Elon Musk’s net worth plunged last week as tech stocks got hammered and Tesla shares’ stunning rise quickly unraveled.
Wall Street is growing increasingly nervous about rising bond yields, which could make borrowing more expensive. That could eat into corporate profits, which is why investors have begun to reverse some of the positions they took over the past year in high-growth but risky tech stocks like Tesla.
Tesla’s stock fell 11.5% last week. Musk, who owns nearly 18% of Tesla’s shares, bore most of the brunt of that massive sell-off.

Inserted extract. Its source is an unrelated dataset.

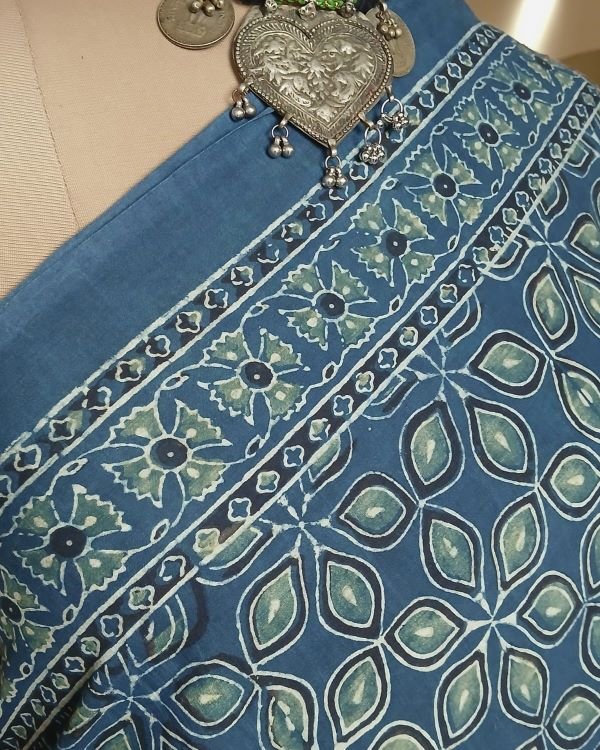 Barmer Ajrakh with Embroidered Palla Mul Cotton Saree - (AMCE1032) - Image 4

Musk’s wealth fell by $27 billion last week, according to Bloomberg’s Billionaires Index. The decline in his net value is roughly equal to the entire fortune held by Dyson founder James Dyson — the 52nd richest person in the world, according to Bloomberg.
Musk and Amazon CEO Jeff Bezos have been swapping places atop Bloomberg’s list of richest people in the world since January. But Musk now sits in a distant second place: $157 billion, compared to Bezos’ net worth of $177 billion. Musk remains $21 billion ahead of Microsoft founder Bill Gates, who remains the third-richest person on the planet.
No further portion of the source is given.